Sentencing judge refused to issue conditional sentence order
The Ontario Court of Appeal has noted that it has yet to rule upon the constitutionality of s. 742.1(f)(iii) of the Criminal Code, which makes conditional sentence orders unavailable in sexual assault cases.
The Ontario Superior Court of Justice found the applicant in R. v. Dubeau, 2022 ONCA 685 guilty of sexual assault against his girlfriend under the Criminal Code. The Crown asked for a three-year imprisonment sentence. The defence, on the other hand, sought a 12-to-18-month sentence, to be served in the community.
The sentencing judge imposed a 23-month imprisonment sentence, a 12-month probation order, and other ancillary orders. She refused to issue a conditional sentence order (CSO). At the time, the applicant was 24 years old, had the inattentive type of ADHD, and had no prior criminal record.
The sentencing judge explained why a CSO was inappropriate, citing R. v. A.J.K., 2022 ONCA 487, which tackled the sentencing principles for cases of sexual violence against intimate partners, and considered the applicant’s ADHD and other mitigating factors such as remorse, treatment, rehabilitative efforts, and family support when determining the sentence.
The applicant filed an application for bail pending his sentence appeal. He argued that the sentencing judge, in finding that a CSO was unavailable to him, failed to consider the interplay between his autism and ADHD, the circumstances of the case, and the fact that a CSO would also serve the goals of denunciation and deterrence.
The Court of Appeal dismissed the application for bail pending the sentence appeal. The applicant failed to show that his appeal had sufficient merit under s. 679(4)(a) of the Criminal Code such that a detention order would lead to unnecessary hardship, the appellate court said. However, the court refrained from granting or refusing leave to appeal at this stage, given the application’s unusual circumstances.
According to the appellate court’s decision, the applicant was in a “legal quagmire” because the Ontario Court of Appeal has not addressed the constitutionality of s. 742.1(f)(iii) of the Criminal Code – which states that a CSO is unavailable for sexual assault, among other offences prosecuted by indictment – although the Ontario Superior Court of Justice has done so.
The decision noted that the appellate court in R. v. Sharma, 2020 ONCA 478, struck down related Criminal Code provisions, namely ss. 742.1(c) and (e)(ii), pursuant to ss. 7 and 15 of the Canadian Charter of Rights and Freedoms.

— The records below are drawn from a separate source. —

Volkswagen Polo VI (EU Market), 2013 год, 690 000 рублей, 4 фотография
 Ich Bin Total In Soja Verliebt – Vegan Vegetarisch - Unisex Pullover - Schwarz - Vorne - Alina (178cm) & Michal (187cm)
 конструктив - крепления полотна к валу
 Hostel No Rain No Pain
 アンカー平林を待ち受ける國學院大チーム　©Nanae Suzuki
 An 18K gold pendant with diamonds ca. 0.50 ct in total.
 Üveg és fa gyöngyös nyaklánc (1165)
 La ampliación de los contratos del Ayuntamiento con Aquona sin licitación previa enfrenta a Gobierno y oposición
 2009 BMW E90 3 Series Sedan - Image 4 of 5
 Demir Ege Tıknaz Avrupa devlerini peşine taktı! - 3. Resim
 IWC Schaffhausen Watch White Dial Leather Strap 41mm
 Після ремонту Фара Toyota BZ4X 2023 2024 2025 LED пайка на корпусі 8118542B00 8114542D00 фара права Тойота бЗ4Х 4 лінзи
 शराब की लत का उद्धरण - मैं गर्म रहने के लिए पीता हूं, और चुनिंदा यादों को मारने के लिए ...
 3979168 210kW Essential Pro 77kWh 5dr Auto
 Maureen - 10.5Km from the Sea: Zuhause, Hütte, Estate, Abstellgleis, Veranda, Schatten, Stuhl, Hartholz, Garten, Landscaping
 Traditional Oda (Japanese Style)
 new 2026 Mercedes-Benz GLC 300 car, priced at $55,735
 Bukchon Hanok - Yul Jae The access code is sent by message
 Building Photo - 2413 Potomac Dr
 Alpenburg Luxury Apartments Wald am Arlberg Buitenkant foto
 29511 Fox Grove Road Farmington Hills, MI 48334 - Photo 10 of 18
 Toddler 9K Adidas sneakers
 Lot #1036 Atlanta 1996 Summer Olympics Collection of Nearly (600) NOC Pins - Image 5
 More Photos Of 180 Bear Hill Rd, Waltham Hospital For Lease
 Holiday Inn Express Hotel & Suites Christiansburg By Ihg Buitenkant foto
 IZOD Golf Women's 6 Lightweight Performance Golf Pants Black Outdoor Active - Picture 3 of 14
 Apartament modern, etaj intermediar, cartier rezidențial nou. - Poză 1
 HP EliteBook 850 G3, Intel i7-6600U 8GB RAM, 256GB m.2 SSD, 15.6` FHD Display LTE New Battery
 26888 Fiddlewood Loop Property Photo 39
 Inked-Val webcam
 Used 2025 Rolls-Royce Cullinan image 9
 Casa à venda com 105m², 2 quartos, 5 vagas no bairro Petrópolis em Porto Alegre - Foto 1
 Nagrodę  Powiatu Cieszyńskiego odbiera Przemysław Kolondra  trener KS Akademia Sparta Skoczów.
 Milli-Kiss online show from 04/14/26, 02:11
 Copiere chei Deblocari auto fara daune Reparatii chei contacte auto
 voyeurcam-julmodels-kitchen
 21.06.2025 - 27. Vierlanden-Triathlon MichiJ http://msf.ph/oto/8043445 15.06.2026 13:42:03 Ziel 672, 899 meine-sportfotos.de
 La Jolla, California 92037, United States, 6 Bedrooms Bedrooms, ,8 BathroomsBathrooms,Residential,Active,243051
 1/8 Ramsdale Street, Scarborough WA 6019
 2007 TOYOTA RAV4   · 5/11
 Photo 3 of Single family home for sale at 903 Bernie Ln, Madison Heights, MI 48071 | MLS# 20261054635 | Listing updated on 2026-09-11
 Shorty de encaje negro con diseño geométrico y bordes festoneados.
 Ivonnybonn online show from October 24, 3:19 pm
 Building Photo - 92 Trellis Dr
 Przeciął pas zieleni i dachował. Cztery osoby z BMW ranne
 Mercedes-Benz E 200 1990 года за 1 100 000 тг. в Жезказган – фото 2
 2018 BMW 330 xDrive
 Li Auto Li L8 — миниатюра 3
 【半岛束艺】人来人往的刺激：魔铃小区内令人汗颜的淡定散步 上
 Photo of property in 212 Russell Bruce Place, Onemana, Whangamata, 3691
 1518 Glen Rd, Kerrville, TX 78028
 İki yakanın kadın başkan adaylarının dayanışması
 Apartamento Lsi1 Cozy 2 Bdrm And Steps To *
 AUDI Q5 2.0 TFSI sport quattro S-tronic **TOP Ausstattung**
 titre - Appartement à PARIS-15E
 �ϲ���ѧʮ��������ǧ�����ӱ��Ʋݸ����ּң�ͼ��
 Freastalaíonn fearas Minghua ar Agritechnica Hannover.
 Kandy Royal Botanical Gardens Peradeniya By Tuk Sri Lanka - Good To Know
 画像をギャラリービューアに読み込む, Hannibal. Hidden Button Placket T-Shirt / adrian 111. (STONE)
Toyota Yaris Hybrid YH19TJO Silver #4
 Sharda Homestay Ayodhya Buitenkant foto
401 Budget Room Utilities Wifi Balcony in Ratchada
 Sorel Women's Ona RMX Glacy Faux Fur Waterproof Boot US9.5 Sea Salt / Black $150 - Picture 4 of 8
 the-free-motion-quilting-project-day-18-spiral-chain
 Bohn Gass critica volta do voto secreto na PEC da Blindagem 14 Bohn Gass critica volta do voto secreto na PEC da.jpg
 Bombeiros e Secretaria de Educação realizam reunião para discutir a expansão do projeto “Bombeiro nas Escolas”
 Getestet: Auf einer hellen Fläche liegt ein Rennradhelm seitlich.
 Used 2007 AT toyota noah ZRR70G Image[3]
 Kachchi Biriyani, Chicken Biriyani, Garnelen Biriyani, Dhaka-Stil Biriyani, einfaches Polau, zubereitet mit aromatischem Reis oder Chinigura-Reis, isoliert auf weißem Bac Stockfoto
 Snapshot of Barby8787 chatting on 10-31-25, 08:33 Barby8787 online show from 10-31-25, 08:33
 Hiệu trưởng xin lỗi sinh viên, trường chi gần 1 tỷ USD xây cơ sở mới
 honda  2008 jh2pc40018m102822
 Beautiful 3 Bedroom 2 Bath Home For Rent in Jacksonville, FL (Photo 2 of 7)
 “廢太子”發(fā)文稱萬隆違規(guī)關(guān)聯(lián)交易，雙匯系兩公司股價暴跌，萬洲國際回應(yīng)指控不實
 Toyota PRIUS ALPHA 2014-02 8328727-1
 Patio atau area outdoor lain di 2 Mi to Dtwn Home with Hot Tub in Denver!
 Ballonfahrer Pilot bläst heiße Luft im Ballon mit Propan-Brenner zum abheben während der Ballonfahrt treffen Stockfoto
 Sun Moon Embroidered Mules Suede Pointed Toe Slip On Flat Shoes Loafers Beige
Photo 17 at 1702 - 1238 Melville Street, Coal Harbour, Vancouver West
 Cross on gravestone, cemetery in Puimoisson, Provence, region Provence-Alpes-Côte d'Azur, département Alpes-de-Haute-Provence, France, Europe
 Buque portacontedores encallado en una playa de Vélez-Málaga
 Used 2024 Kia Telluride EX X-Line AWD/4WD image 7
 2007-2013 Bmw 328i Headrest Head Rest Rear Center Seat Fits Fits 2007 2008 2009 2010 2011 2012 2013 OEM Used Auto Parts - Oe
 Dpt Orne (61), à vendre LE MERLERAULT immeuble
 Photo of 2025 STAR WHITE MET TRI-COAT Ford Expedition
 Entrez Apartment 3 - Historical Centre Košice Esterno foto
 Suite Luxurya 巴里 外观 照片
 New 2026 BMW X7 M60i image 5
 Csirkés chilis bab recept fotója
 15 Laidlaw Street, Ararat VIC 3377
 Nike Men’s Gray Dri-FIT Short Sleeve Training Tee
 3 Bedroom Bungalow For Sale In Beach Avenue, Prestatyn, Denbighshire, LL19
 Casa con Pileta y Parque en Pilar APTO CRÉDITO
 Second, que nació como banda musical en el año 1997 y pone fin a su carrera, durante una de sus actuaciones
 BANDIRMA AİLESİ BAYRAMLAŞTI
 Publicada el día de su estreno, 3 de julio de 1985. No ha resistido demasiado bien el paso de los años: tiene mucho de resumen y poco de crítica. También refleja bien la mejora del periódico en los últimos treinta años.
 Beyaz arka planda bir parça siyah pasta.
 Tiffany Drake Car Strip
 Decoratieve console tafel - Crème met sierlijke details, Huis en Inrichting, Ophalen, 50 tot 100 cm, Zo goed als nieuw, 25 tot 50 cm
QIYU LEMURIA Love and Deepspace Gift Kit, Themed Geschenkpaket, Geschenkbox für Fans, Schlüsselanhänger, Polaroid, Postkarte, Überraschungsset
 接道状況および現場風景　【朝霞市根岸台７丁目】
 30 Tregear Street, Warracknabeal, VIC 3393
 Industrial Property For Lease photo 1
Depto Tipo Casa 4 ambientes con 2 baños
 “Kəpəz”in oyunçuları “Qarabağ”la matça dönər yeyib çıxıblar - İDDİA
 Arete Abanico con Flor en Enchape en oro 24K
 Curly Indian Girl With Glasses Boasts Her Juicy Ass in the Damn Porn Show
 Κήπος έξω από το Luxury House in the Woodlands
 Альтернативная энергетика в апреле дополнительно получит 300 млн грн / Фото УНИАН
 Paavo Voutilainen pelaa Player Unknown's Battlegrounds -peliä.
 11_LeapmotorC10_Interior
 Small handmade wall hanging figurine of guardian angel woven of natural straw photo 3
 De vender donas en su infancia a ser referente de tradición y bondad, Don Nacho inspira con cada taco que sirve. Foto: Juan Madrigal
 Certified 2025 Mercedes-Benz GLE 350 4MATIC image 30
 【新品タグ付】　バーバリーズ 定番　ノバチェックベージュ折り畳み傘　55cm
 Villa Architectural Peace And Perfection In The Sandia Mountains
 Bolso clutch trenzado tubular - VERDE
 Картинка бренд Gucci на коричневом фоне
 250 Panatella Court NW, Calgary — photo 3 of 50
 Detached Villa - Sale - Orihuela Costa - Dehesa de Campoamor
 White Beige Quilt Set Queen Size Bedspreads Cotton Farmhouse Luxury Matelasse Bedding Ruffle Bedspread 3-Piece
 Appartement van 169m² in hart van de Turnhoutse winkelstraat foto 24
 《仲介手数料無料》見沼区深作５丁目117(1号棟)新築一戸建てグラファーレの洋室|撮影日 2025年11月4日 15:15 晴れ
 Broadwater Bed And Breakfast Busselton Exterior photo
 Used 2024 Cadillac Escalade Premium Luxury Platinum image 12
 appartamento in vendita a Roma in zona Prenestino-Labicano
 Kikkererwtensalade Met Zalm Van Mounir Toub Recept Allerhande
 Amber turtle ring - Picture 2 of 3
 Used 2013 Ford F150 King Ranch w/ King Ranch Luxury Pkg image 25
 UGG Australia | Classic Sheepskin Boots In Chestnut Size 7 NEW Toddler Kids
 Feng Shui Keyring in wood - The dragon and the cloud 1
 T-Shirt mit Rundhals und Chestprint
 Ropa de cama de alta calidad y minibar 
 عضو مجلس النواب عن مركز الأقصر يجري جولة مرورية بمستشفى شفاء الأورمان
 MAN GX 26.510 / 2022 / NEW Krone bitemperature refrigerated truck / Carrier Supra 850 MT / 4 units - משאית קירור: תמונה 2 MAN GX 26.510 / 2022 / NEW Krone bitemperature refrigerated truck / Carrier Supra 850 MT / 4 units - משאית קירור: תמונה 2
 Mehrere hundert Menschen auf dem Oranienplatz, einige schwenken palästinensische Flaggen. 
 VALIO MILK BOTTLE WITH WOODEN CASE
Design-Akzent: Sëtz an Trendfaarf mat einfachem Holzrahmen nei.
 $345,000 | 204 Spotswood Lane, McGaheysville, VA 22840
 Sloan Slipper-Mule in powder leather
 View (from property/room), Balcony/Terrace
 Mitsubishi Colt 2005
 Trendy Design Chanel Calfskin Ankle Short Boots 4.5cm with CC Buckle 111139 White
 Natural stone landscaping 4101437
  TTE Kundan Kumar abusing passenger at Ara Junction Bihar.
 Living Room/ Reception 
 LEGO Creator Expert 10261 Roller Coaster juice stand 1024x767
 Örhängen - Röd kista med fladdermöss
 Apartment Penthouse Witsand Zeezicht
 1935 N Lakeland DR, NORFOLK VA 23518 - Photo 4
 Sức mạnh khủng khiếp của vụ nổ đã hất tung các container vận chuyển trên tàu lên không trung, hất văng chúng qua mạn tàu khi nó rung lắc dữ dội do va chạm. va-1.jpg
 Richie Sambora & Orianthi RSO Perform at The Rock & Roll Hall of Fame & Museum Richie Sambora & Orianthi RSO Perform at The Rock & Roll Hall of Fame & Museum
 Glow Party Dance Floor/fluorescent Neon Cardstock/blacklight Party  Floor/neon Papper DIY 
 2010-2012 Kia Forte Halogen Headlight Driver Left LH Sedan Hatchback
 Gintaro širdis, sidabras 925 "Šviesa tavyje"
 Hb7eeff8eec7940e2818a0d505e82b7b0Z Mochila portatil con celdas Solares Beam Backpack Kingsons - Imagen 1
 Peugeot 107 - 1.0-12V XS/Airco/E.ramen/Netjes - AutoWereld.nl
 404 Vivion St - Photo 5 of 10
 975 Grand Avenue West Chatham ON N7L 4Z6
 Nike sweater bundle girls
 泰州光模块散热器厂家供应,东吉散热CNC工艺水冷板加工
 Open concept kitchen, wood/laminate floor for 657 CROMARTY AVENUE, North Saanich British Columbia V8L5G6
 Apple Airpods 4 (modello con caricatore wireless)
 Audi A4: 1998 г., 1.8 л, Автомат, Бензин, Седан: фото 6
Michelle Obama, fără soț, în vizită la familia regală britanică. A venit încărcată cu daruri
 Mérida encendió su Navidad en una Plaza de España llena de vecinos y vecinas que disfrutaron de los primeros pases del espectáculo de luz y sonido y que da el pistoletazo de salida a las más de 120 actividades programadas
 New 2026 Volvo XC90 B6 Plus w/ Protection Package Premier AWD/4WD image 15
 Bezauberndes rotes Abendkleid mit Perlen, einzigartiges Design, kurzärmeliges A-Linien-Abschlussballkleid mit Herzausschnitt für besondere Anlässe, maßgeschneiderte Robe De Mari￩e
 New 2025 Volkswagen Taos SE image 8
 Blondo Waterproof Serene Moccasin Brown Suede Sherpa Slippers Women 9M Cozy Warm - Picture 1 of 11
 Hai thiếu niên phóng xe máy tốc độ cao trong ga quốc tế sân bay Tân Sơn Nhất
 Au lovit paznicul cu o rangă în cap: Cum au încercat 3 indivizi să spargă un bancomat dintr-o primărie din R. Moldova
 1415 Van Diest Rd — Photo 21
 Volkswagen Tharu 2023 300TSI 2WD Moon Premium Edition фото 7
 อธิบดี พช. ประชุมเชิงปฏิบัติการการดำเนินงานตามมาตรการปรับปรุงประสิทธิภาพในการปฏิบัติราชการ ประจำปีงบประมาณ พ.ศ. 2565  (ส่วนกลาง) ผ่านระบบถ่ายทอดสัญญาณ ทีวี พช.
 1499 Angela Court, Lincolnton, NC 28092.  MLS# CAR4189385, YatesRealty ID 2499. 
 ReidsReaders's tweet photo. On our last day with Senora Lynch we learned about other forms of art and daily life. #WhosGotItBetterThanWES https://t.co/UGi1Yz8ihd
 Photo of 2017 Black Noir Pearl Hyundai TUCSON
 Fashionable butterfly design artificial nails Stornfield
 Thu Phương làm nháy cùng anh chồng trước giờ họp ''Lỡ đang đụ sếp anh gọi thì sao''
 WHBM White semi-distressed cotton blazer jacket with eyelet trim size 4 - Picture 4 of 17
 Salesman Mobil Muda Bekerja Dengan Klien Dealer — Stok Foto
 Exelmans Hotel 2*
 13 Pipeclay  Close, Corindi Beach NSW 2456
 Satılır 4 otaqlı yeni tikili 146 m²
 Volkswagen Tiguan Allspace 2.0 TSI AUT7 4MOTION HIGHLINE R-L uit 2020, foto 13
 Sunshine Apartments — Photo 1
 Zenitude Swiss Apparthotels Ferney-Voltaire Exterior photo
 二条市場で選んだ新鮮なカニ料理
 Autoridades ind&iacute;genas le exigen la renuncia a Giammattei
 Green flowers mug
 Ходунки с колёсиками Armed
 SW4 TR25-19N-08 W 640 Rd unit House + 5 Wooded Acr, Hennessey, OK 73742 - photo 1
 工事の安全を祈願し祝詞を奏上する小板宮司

In the present case, the sentencing judge did not litigate the constitutional issue, presumably because she considered herself bound, based on vertical stare decisis, by Superior Court decisions finding that s. 742.1(f)(iii) violated the Charter, the appellate court noted.
The appellate court said that, without a constitutional challenge, the appellant was asking the court to impose a sentence that the Criminal Code specifically prevented. However, Crown counsel advised that the issue of s. 742.1(f)(iii)’s constitutionality was on its way to the appellate court via still unperfected appeals from both the Crown and the defence.